In recent years, many Chinese people have come to know about Africa though the travelogues and novels of San Mao. San Mao was born in Chongqing in 1943, but grew up in Taiwan and is famous for writing about her travels in the Sahara desert.

At age five San Mao began to read The Dream of the Red Chamber (hong lou meng). This book affected her whole life, I am afraid. Of course, we Chinese have a proverb about this:

shao bu du hong lou
lao bu du san guo
Don’t read The Dream of the Red Chamber as a child
Don’t read The Three Kingdoms as an old man

The reason is that The Dream of the Red Chamber is supposed to make children dreamy and romantic - not a good thing when there are exams to be taken and family businesses to be maintained! The Three Kingdoms is supposed to make old men evil as they try to imitate the cunning machinations of military commander Cao Cao. San Mao's mind was corrupted by romance at a young age and she longed to travel. In 1973, she went to the Sahara desert with her Spanish husband who was working as an engineer on infrastructure projects. He died in a diving accident in 1976. San Mao was still living there, spending much of her time among local people and writing about people and scenery of the desert as well as anti-colonial struggles in North Africa.

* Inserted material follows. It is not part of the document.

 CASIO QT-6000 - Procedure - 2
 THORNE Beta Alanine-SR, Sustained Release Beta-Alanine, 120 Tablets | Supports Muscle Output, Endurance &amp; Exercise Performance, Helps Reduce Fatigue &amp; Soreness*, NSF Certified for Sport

Many Chinese only know of Africa from the books of San Mao, but there are hundreds of thousands of engineers and workers who know something of the continent from personal experience. In the 1960s and Ô70s, Chairman Mao wanted to further the cause of world revolution and to make friends at a time when China was isolated on the international political stage. Financial and technological assistance was given to many African countries in those years, despite the fact that China was extremely poor: Soviet revisionists (sulian xiuzheng zhuyizhe) had treacherously withdrawn all help to China and the country had just recovered from the calamitous Great Leap Forward or dayuejin (1960-62). In the spirit of the slogan 'Asia, Africa and Latin America unite and destroy American imperialism!’ (yafeila tuanjie qilai dadao meidiguo zhuyi!), Chairman Mao undertook to build an 1860 kilometer-long railway from the Tanzanian port city of Dar Es Salaam to Kapiri Mposhi, just north of Zambia's capital Lusaka.

Previously, the only port accessible to Zambia was Durban in South Africa. All imported and exported goods had to come through South Africa and Rhodesia (now Zimbabwe), both of which were run by racist white governments. The Chinese-built TAZARA Railway (Tanzan Tielu) allowed the newly independent Zambia to boycott the Rhodesian Smith regime and the South African apartheid government, and gave Tanzania an efficient system of distributing goods (including Chinese-made AK47s) to Zambia and beyond to other Southern African countries such as Angola and Mozambique. The TAZARA railway was built as a gift for which the Chinese government never required compensation. It stills functions today, taking about three days to get from the Indian Ocean to the heart of Zambia.